MUMBAI (Reuters) - India has raised import tax on crude and refined palm oil to the highest level in more than a decade, the government said in a statement on Thursday, as the world’s biggest edible oil importer tried to support local farmers.
The duty increase would lift oilseed prices and encourage domestic supply for crushing, helping cap edible oil imports in the 2017/18 marketing year that started on Nov. 1, dealers said.
India raised import tax on crude palm oil to 44 percent from 30 percent and lifted the tax on refined palm oil to 54 percent from 40 percent, a government order said.
India relies on imports for 70 percent of its edible oil consumption, up from 44 percent in 2001/02.
The fourth increase in import tax in less than six months would push up domestic edible oil prices NSOc1 and support prices of local oilseeds like soybean NSBc1 and rapeseed NRSc1, said B.V. Mehta, executive director of the Solvent Extractors’ Association (SEA), a Mumbai-based trade body.
“Supplies from the new season rapeseed crop have just started. Now farmers will get remunerative prices due to the duty hike,” Mehta said.
India primarily imports palm oil from Indonesia and Malaysia and soyoil from Argentina and Brazil.
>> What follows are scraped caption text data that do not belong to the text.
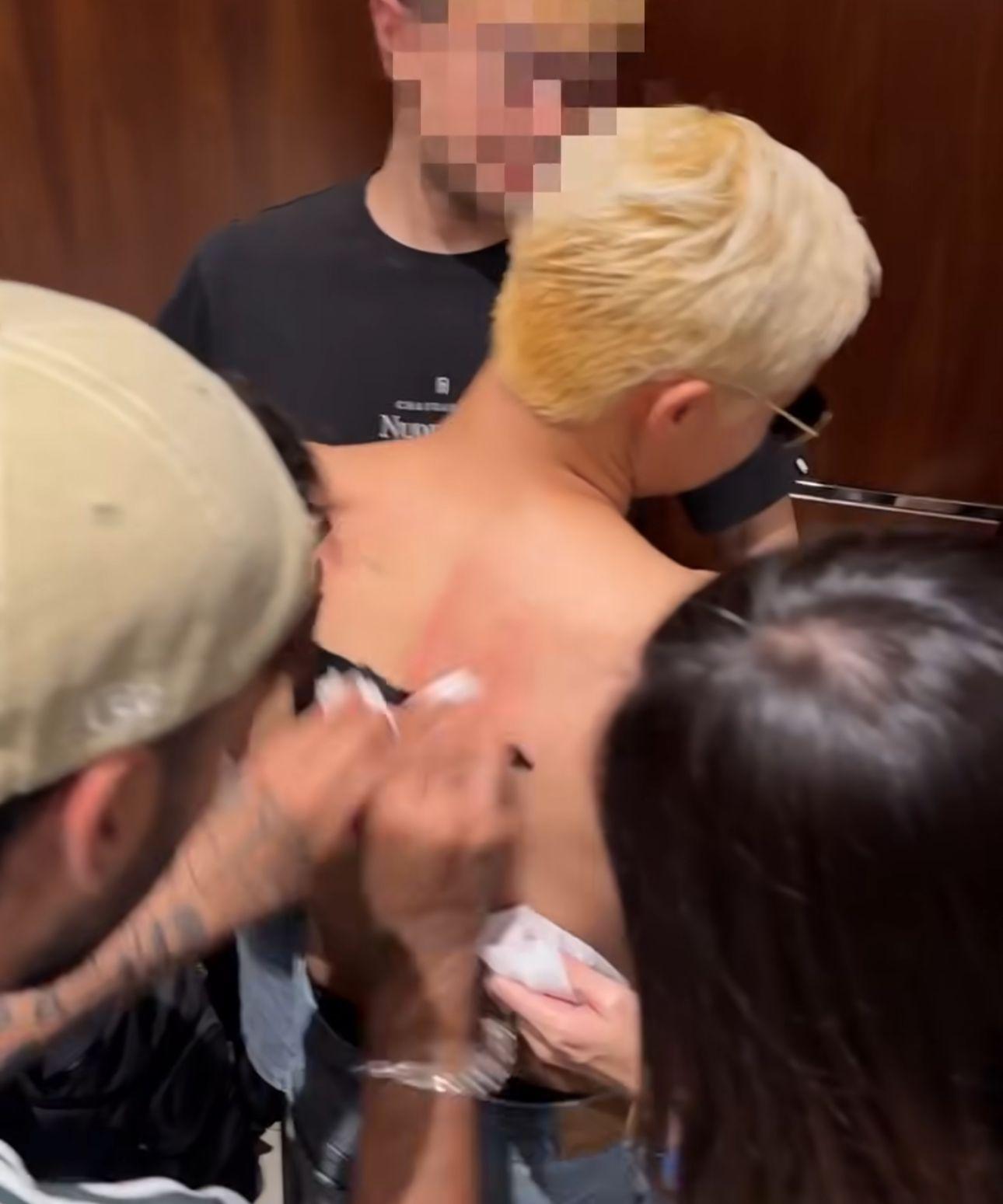 工作人員為Gareth T.捽甩背上大字時被擦到紅晒。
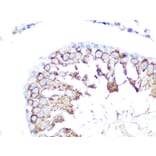 Immunohistochemistry - Anti-Folate Binding Protein/FBP Antibody (A92599) - Antibodies.com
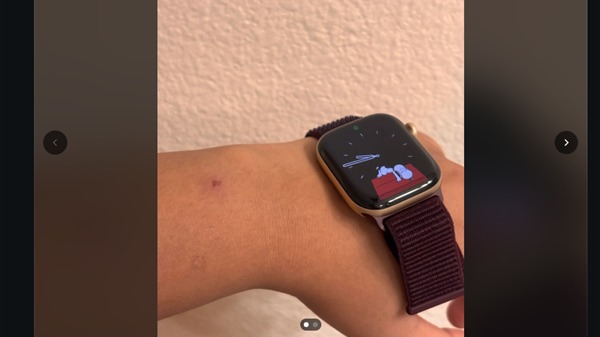 Apple Watch S12被曝佩戴后皮肤发红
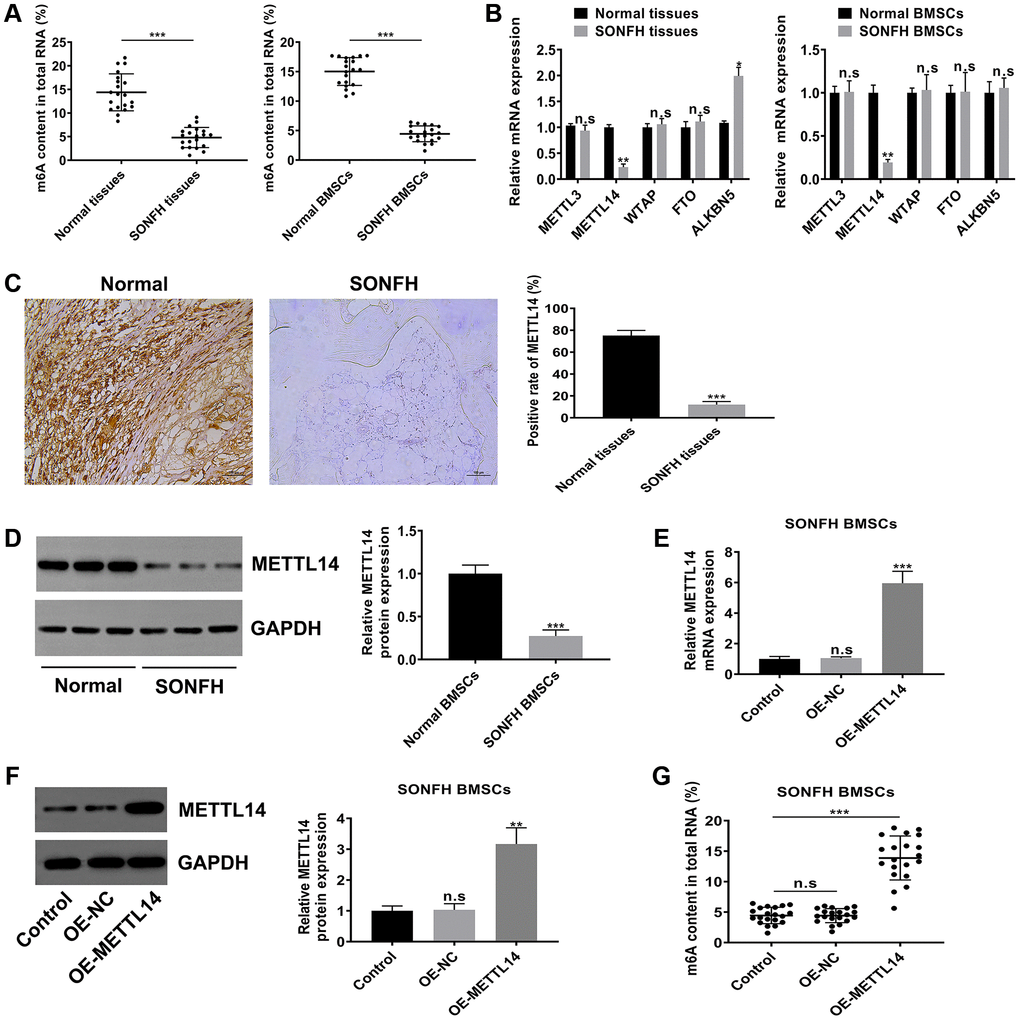 METTL14 was responsible for the aberrant m6A modification in BMSCs from SONFH patients. (A) The m6A content in total RNA of SONFH tissues and BMSCs (n = 20) and normal tissues and BMSCs (n = 20). (B) mRNA levels of m6A modification associated genes in SONFH tissues and BMSCs and normal tissues and BMSCs. (C) IHC assay determined the expression of METTL14 in osteonecrosis tissues and normal tissues. Scale bar = 100 μm. (D) The protein levels of METTL14 in SONFH BMSCs and normal BMSCs were measured by western blot. (E, F) The efficiency of METTL14 overexpression in SONFH BMSCs was confirmed by qRT-PCR and western blot analysis. (G) Quantitative m6A methylation assay was used to define the effect of METTL14 overexpression on the level of m6A modification in BMSCs from SONFH patients. *P **P ***P 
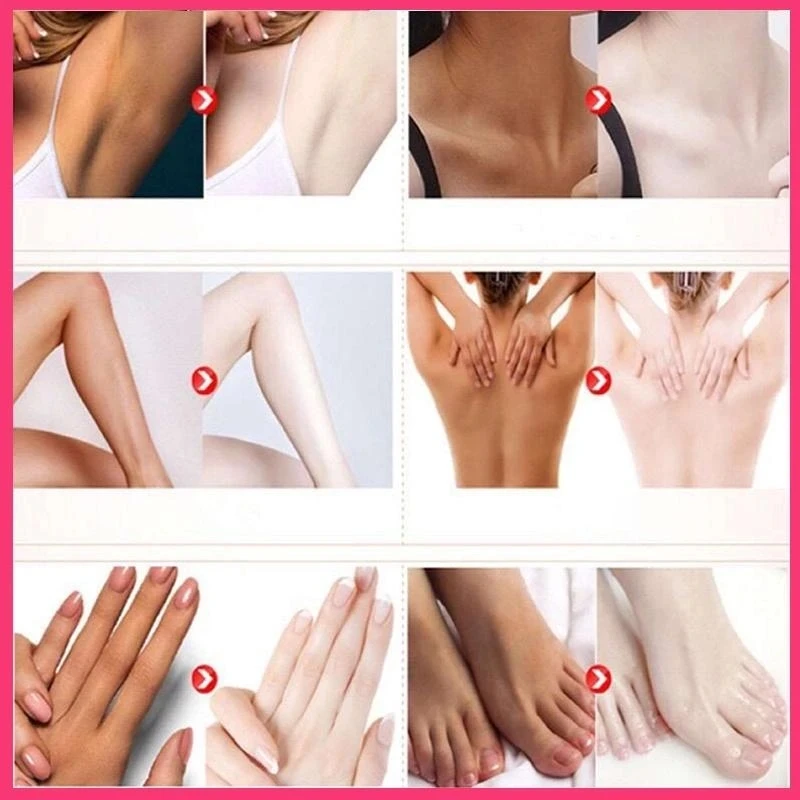 Private body whitening cream armpit buttock nipple private area pink essence to remove melanin brighten beauty care Melanin remo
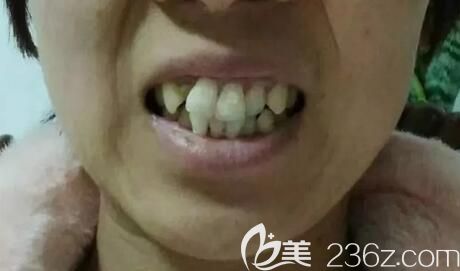 我在武漢德韓口腔做牙齒矯正前的照片 我在武漢德韓口腔做牙齒矯正前的照片
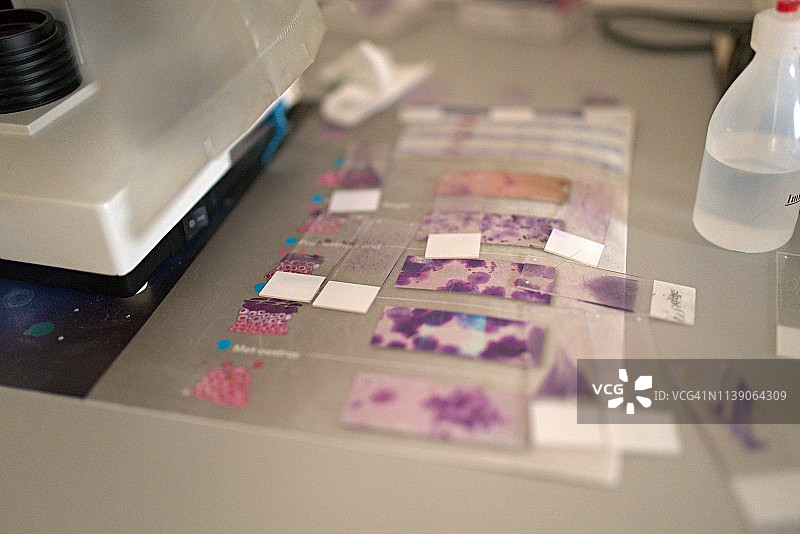 血涂片技术，血液学涂片的血细胞计数图片素材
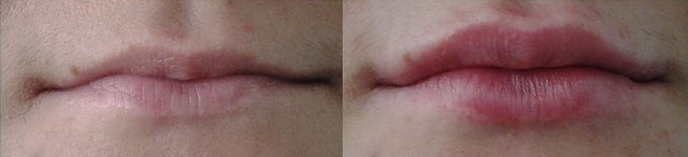 Увеличение губ гиалуроновой кислотой фото до и после (врач Ратникова С.В.)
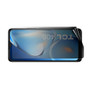 TCL 406i Privacy (Landscape) Screen Protector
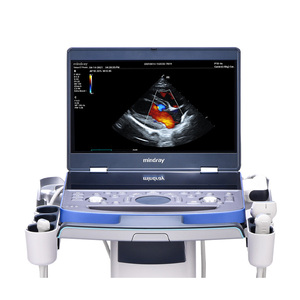 Échographe Doppler couleur standard Mindray Vetus 7 à double écran tactile pour diagnostic vétérinaire, chariot pour chien - Product Image 3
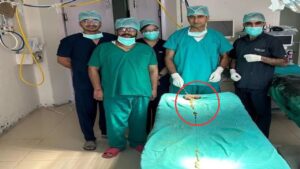 ‘खा जाती थी चाक, धागा…’, डॉक्टरों ने 14 साली की बच्ची के पेट से निकाली दुनिया की सबसे बड़ी गांठ
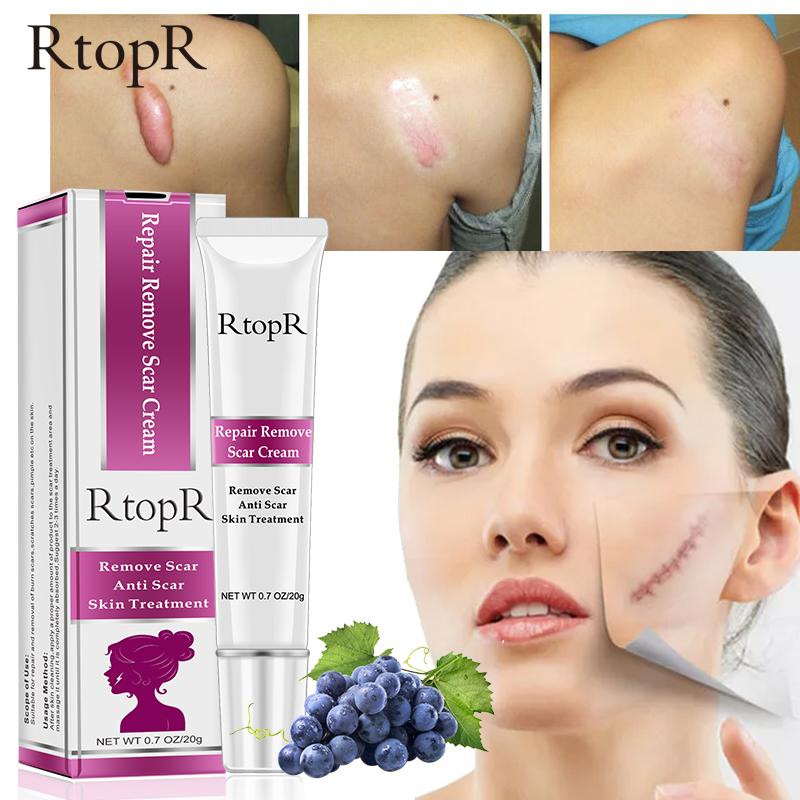 rtopr repair remove scar cream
It also buys small volumes of sunflower oil from Ukraine and canola oil from Canada.
The duty hike would narrow the difference between palm oil and soft oils like soyoil and sunflower oil, making it lucrative for refiners to increase purchases of soyoil and sunflower oil in coming months, said a Mumbai-based dealer with a global trading firm.
“Palm oil’s share is likely to fall substantially unless India raises import tax on soyoil and sunflower oil,” the dealer said.
On Thursday, landed cost of crude soyoil at Mumbai port was $812 per tonne, compared to $695 for crude palm oil, according to data compiled by trade body SEA.